Author's Introduction11/30/2016 15:05
Few faiths evoke as much debate as Judaism. As early as the bible, this race was persecuted. The legendary Moses leading his people across the Red Sea is an image that captivates every person who studied theology. Their history repeated itself in Spain, Russia and most recently in Germany. Anti-Semitism became the bread and butter of every populist belief and the consequences have been death, suffering and discrimination in all its forms. Why should it be that a race can engender such hatred and distrust?
Most commonly, the response is that Jews are people who monopolize the positions of power and have consistently been able to excel whether it be in the arts, commerce and power. This does not stick with Europe of the thirties. Jews of every social strata were sent to the camp. In Israel today, the typical Jew is working or middle class. It is true that there is an over-representation of Jews in positions of power, but this is again a result of history rather than race. As a people under oppression, its survivors had to work harder and had no access to the comfortable professions of the army and civil service. In short, oppression resulted in their excellence.
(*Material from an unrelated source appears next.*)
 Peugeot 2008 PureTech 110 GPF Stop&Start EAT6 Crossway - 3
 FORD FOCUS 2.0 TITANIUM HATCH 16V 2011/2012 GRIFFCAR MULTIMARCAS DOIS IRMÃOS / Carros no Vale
Orthodox Jews believe they are a chosen people and their Torah affirms this. For them, their right to Israel was a birth-right authorized by Yahweh and the Old Testament relates the fables of their struggle to establish this right. That Noah’s flood myth appears in countless religions, including Utnapishtin in ancient Sumer, Coxcoxtli in Aztec and Manu in Hindu, does not get consideration. As with all religions, the mythology is not unique and so why should the Torah be considered exclusive?
Our story follows the creation of Israel, seeing it from several perspectives. At the start of the plot, our protagonists suffer the ravages of Nazi philosophy that saw its climax in the persecution of the Hungarian Jews. This strengthened the resolve of Jewish people to hold the British to their WWI promise to give them Palestine. On one hand, we see the incumbent Matthew Dixon who tries and fails to maintain the colonial British Empire. Rudi Bastler attempts to create Noah’s Ark and finds that its consequences visit him later in life as he becomes a pawn in the political struggles of the new country. Daniel like his biblical namesake joins Irgun, a terrorist organization that forced the British to withdraw. Mihael pursues his empty course of revenge and finds himself exiled. Finally Avram, like Abraham the father, prevails with diplomacy to found the new state.